What is “beyond belief” is that someone as intelligent as Pagels cannot see or will not admit that there is a fundamental divide in religious approaches to God and the world. Paul, whose writings Pagels knows well, identifies the antithesis in Romans 1:25. He writes of two opposing religious systems, one “the truth,” and the other “the lie”; one that worships the Creator and the other that worships the creation. How interesting that the Gnostics themselves, whom Pagels sees as “complementary,” rejected God the Creator and finally cast him into hell!
Though Pagels writes correctly of the doctrinal confusion in the early Church, she argues that theological differences are of little importance, and that Christianity cannot be defined by doctrinal boundaries. By transforming the doctrinal struggles of the early Church into a confusing dish of theological goulash, she claims to bring clarity by showing that the great confessions of the Church are in fact proof that the winners (in this case, male ecclesiastical power–brokers) write history.
I have my own suspicions. In Pagels’ objective “history” many known facts do not fit. Apart from the problem of dates, she also fails to convince us that the early believers were, in any real sense, “power brokers.” Athanasius in defending the two natures of Christ, believed himself to be alone against the world. The Christian martyrs, who died excruciating deaths for the truth of the Gospel, were hardly “winners” (in Pagels’ definition). So my suspicion grows. Beyond Belief has a serious religious agenda: to trivialize orthodoxy’s exclusive claims, to popularize heresy and to promote the rising tide of pagan religious syncretism.

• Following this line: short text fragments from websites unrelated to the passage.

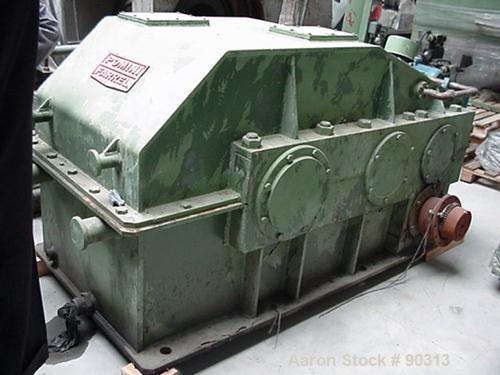 Used Farrel Pomini Banbury Mixer, Model F80. Jacketed chamber, drop door design. 4 wing style cored rotors, approximately 35-70 rpm. Mixing chamber 21.2 gallon (80 liter), max batch weight 132 pounds...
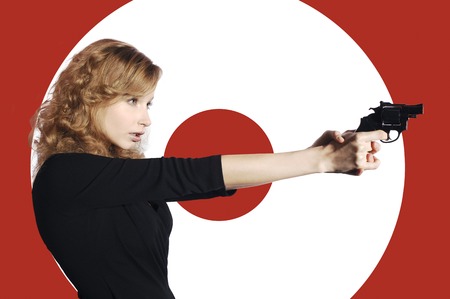 Businesswoman aiming a pistol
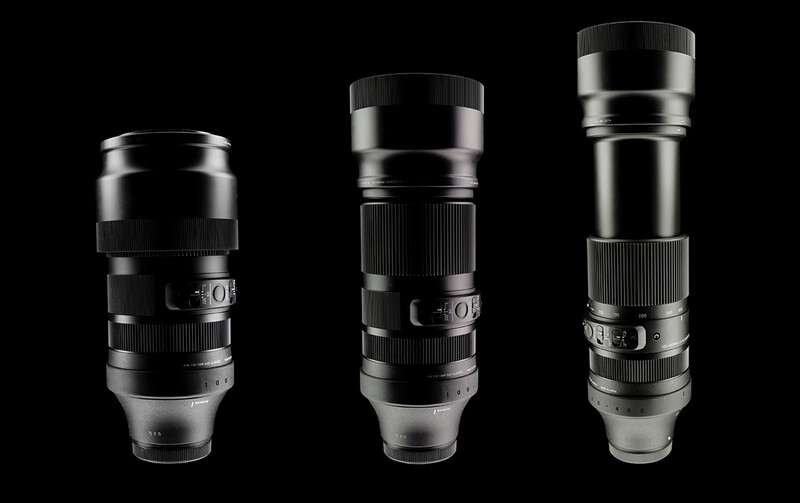 Three telephoto lenses arranged in order of increasing length against a black background.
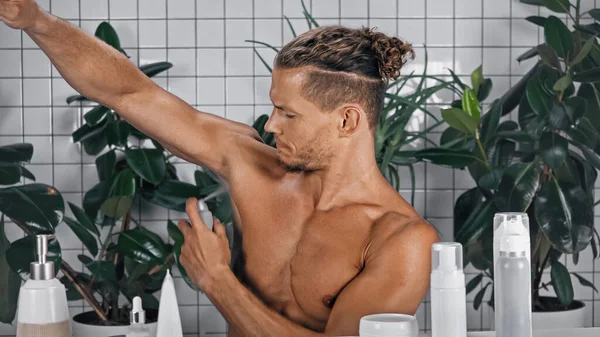 Uomo senza maglietta spruzzando deodorante vicino a piante verdi su sfondo sfocato in bagno — Foto stock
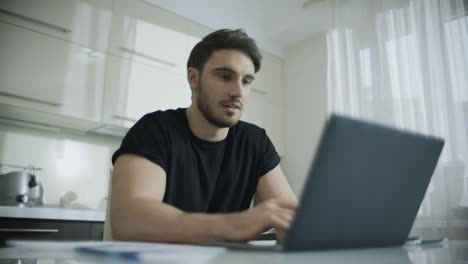 hombre feliz hablando en línea en una computadora portátil en casa. hombre sonriente hablando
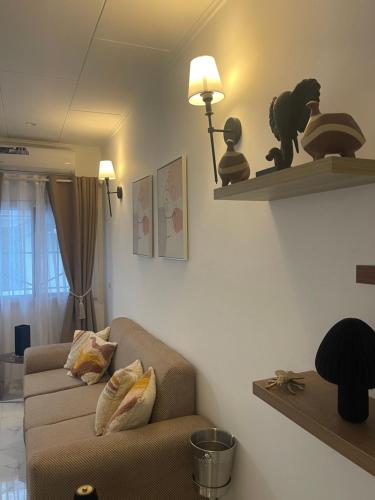 a living room with a couch and shelves on the wall at Les apparts d Agathe in Brazzaville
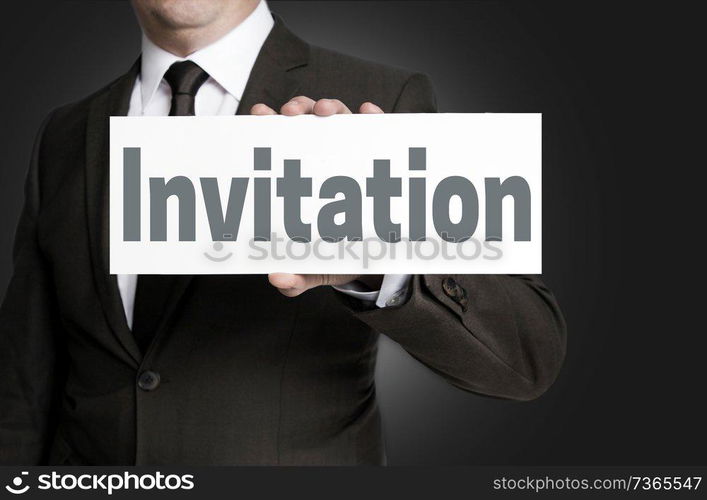 Invitation sign is held by businessman.. Invitation sign is held by businessman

Beyond Belief is destined to be a winner, not only in sales but also in influence on the contemporary culture wars. It belongs to a new, winning team that sees religious truth as pagan oneness. But if writing history is only about power, are we obliged to give serious attention to Pagels’ covert power play for a syncretistic, paganized form of Christianity? On Pagels’ own terms, her book, like the Gospel of John (as she sees it), is a prejudiced tract of religious propaganda for the success of a new kind of ecclesiastical power.